Presso un’antica masseria trasformata in B&B è stato installato un sistema di autoproduzione energetica attraverso pannelli fotovoltaici montati sulla copertura, per un totale di circa 30 Kilowatt di energia.
Descrizione dell’intervento
L’azienda agricola Terre di Traiano sorge lungo la via Appia Traiana, in Puglia, al centro di una zona di grande valore ambientale, storico e culturale, proprio vicino ad Andria e a Castel del Monte.
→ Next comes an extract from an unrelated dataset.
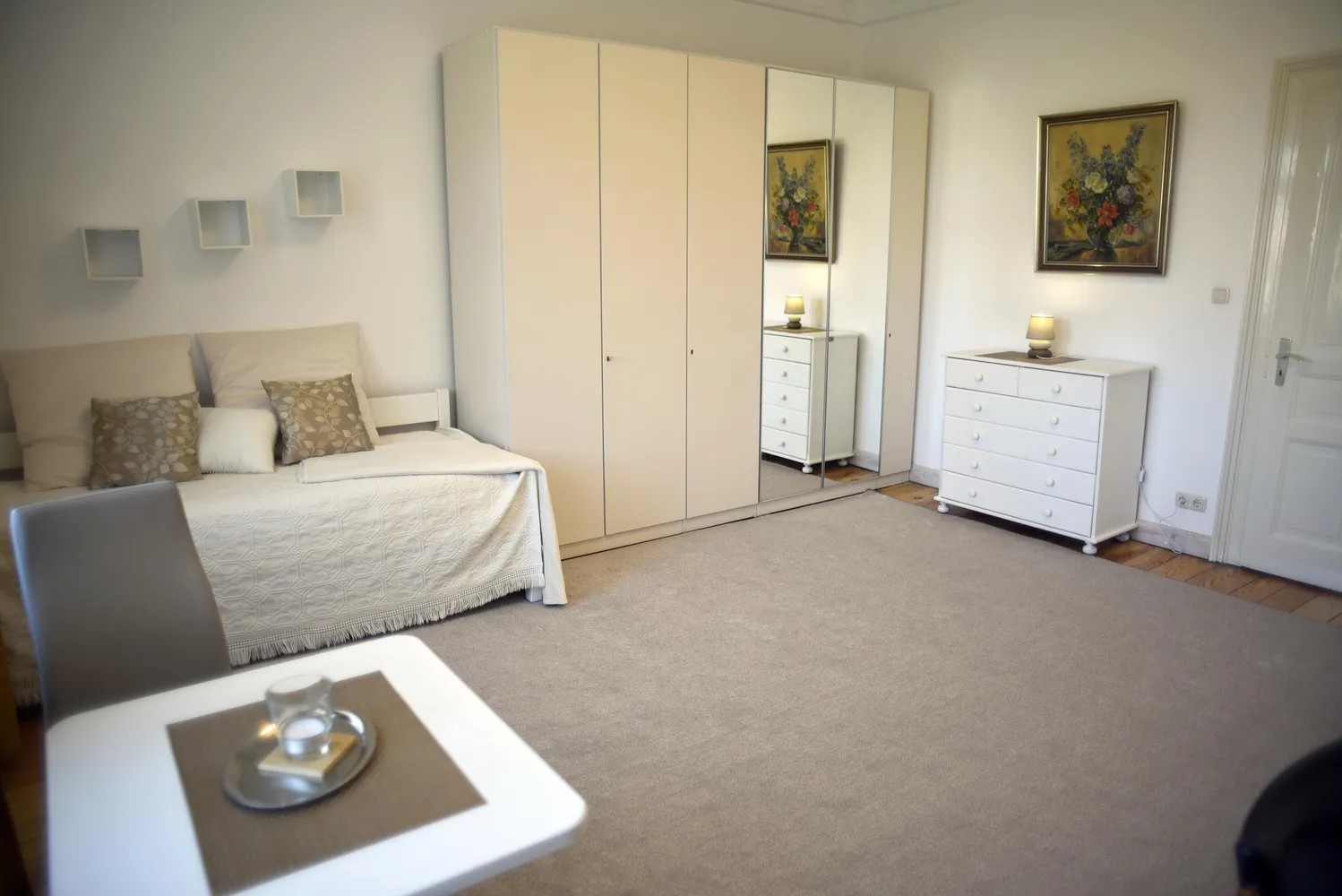 4 Zimmer Wohnung mit 145 m² in Erlangen – Bild 1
I due corpi di fabbrica posti a nord della struttura, datata 1900, sono stati oggetto di un interessante intervento di restauro, a firma dell’architetto Nicola Spagnoletti, nel rispetto delle caratteristiche architettoniche e paesaggistiche del luogo, con cambio di destinazione d’uso, da agricola a turistica.
Ne è nato un bed&breakfast con 40 posti letto, dotato di ristorante con cucina (dove erano gli antichi depositi del grano), zona ricevimenti, degustazione e ozio, un luogo adatto a ospitare ricevimenti, conferenze ed eventi di qualsiasi genere. All’interno della struttura è stato anche allestito un museo che spiega dettagliatamente la storia dell’antico frantoio, presente nella masseria, e dell’olio nel bacino del Mediterraneo.
Uno degli aspetti più interessanti del progetto di restauro è il sistema di auto produzione energetica di cui è stata dotata la masseria. I pannelli fotovoltaici, montati sulle superfici delle coperture disponibili, forniscono un totale di circa 30 Kilowatt di energia, per un notevole risparmio di gestione e una maggior cura dell'ambiente, con un occhio particolare al rispetto del territorio circostante.
Obiettivo del progettista era quello di ottenere un’alta efficienza energetica con un impatto visivo minimo, vista l’importanza storica del manufatto, e Brianza Plastica, il partner tecnico scelto, ha fornito i materiali adatti.
Per evitare di alterare il meno possibile la resistenza statico-dinamica della copertura, si è scelto di adottare lo stesso tipo di legno, disposto con la medesima geometria. Sul tavolato di legno di castagno è stato posato il pannello termoisolante prefinito Isotec XL che ha consentito, grazie alla sezione ventilante maggiorata rispetto al sottotegola tradizionale, di migliorare l’efficienza del modulo fotovoltaico Elettrotegola.
Per realizzare l’integrazione architettonica è stato adottato un sistema, composto da scossaline di alluminio preverniciato di un color bianco latte metallizzato, che ha mascherato completamente il modulo in copertura e ha reso esteticamente vantaggioso l’inserimento dell’impianto nella cornice delle tegole marsigliesi recuperate. La perfetta integrazione architettonica ha permesso al committente di ottenere le migliori tariffe incentivanti previste dal “III Conto Energia”.